*** Data ***
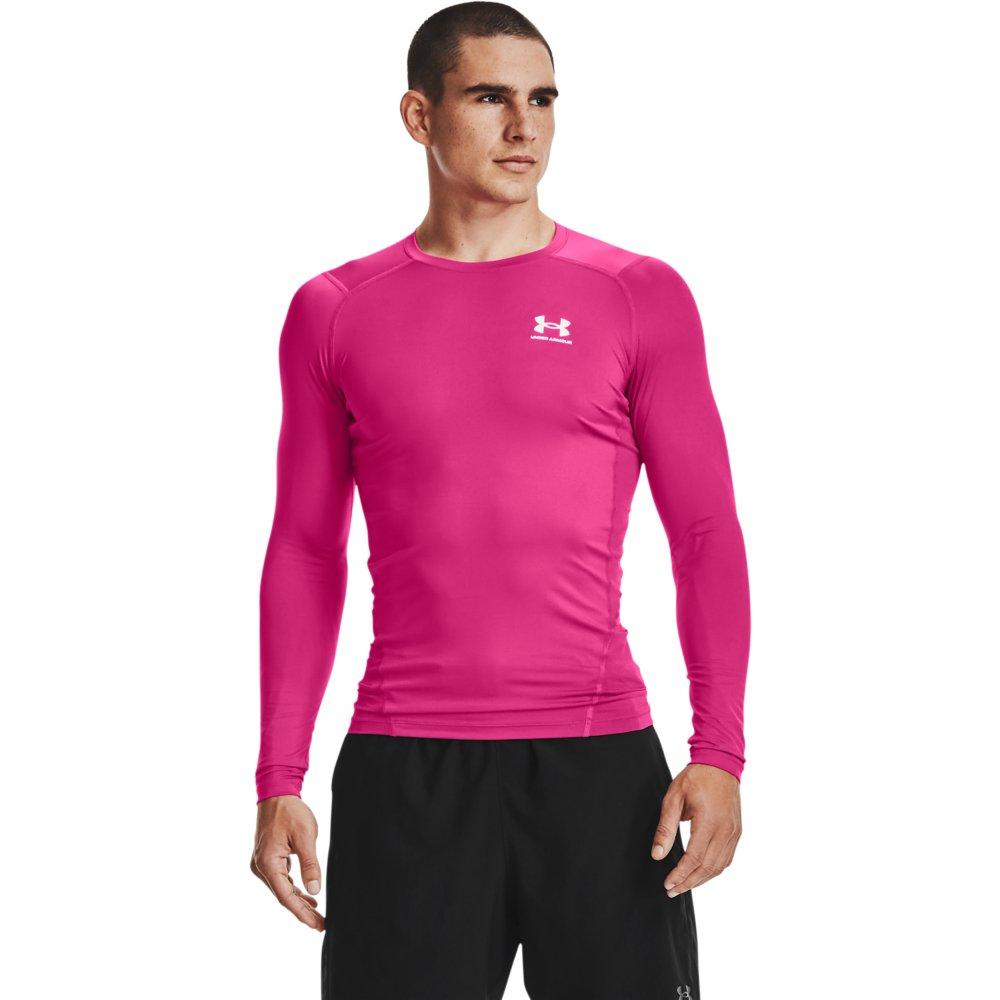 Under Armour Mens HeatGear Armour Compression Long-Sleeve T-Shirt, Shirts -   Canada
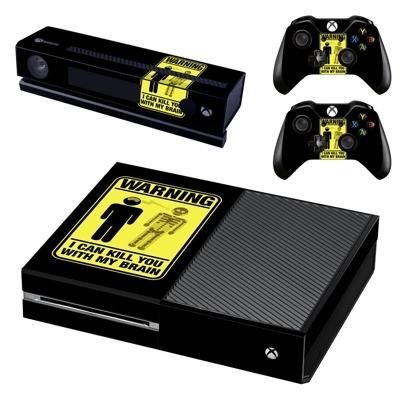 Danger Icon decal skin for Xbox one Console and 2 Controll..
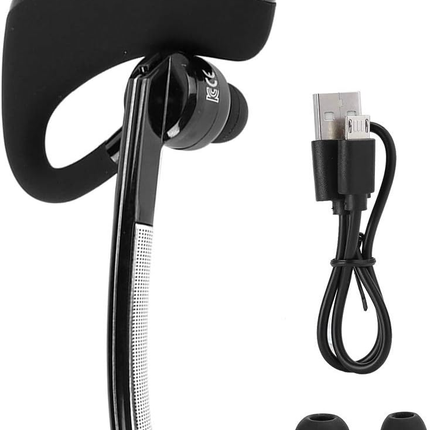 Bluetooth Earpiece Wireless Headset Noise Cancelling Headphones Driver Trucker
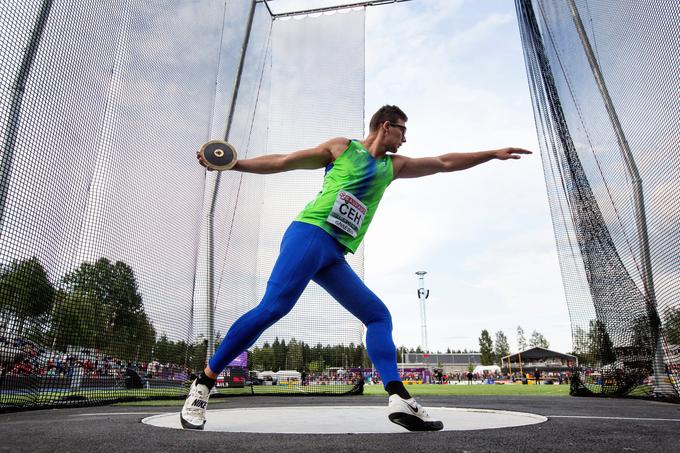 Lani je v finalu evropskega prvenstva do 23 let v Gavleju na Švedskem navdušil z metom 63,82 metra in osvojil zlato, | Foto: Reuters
***
*** Data ***
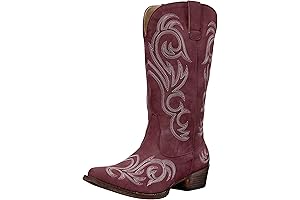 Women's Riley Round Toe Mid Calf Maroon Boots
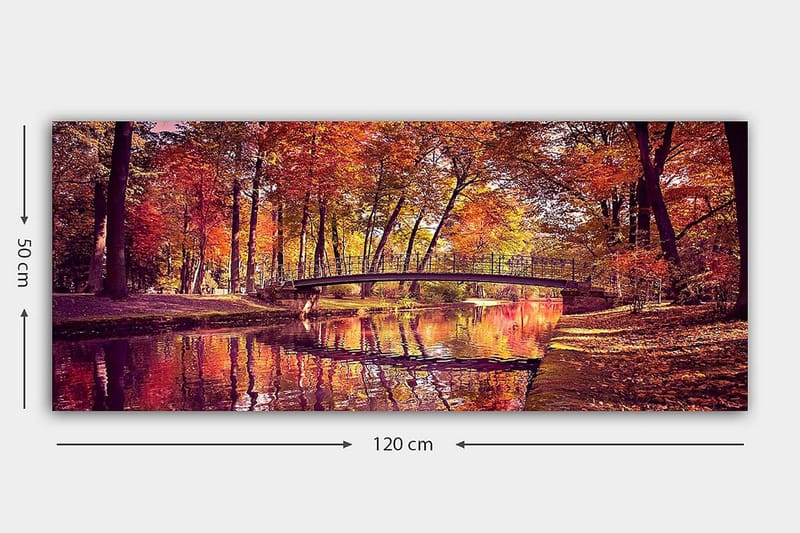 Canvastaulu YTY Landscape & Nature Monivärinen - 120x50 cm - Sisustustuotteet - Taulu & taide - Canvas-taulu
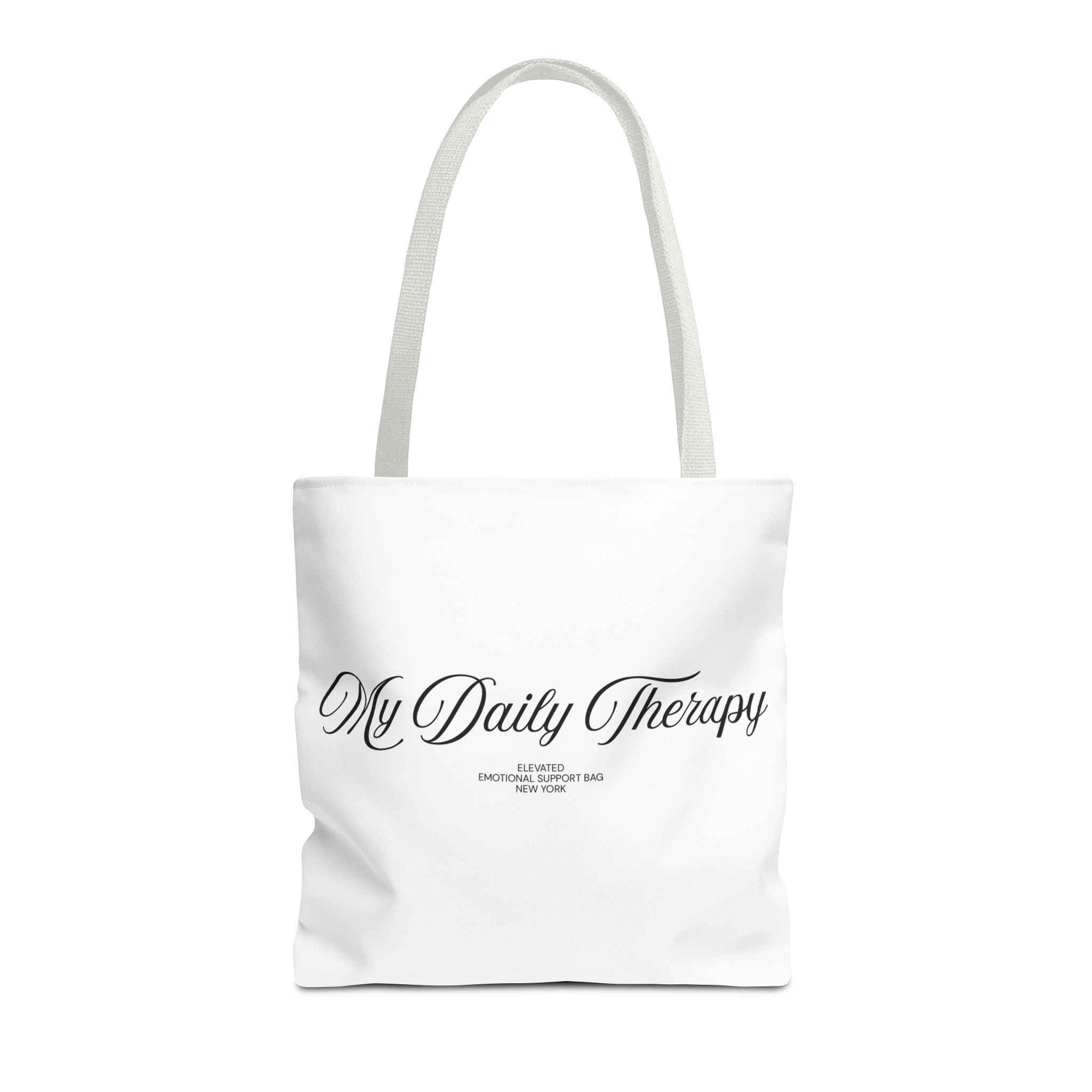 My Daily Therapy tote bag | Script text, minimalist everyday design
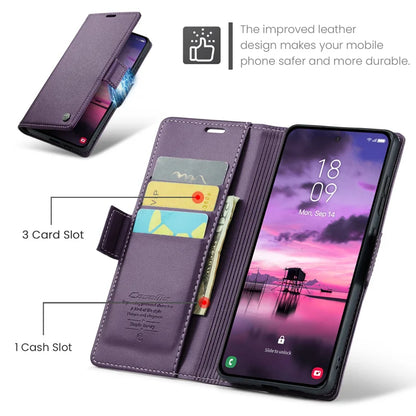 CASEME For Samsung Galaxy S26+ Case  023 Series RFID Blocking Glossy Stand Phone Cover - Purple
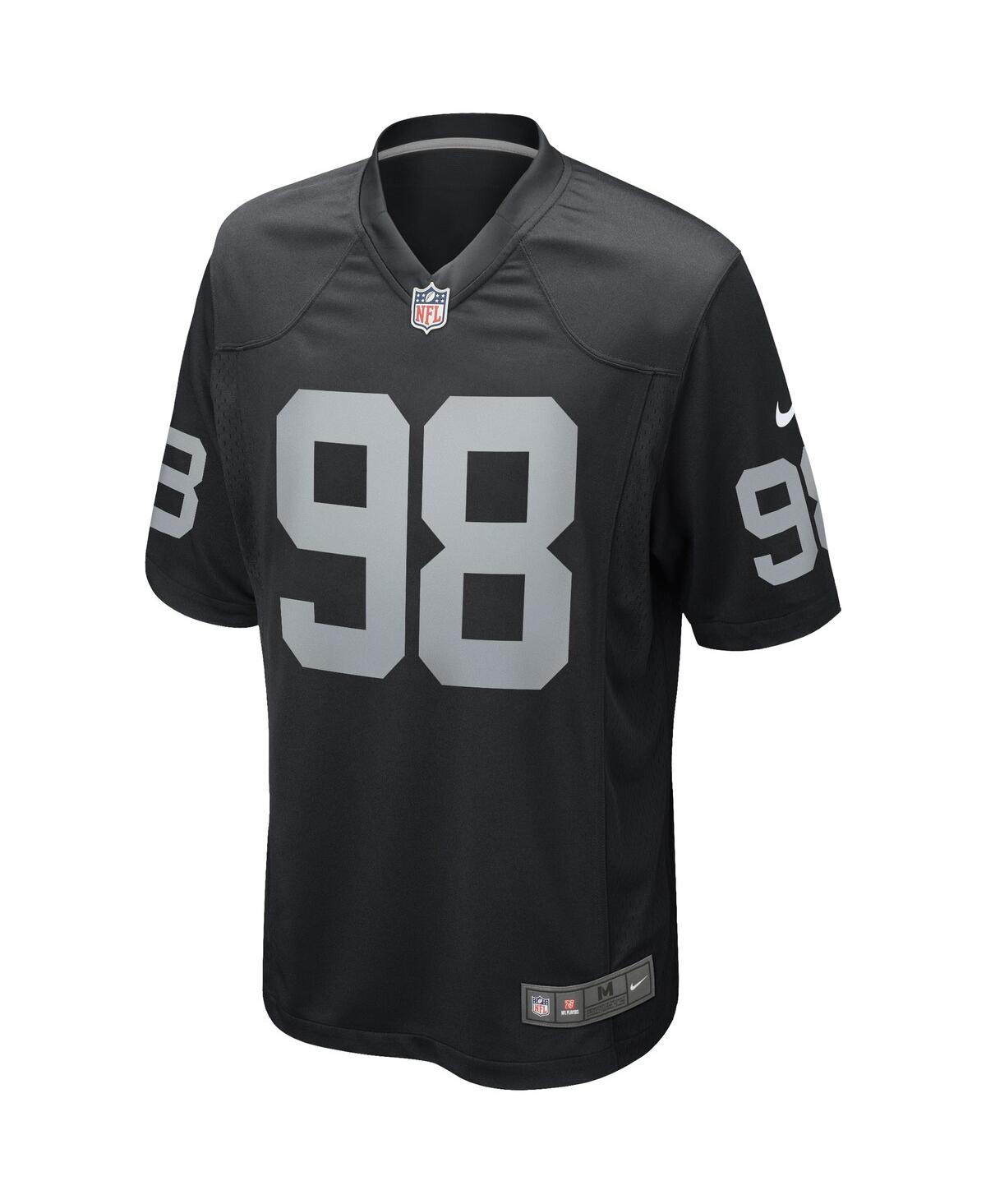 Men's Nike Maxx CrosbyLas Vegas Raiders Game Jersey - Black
***
# Work to be completed
Within the listing above, extract exactly the lines that run from the one containing "Bluetooth Earpiece Wireless" through the one containing "Lani je v finalu", excluding any pictures.

# Output of the task
 Bluetooth Earpiece Wireless Headset Noise Cancelling Headphones Driver Trucker
 Lani je v finalu evropskega prvenstva do 23 let v Gavleju na Švedskem navdušil z metom 63,82 metra in osvojil zlato, | Foto: Reuters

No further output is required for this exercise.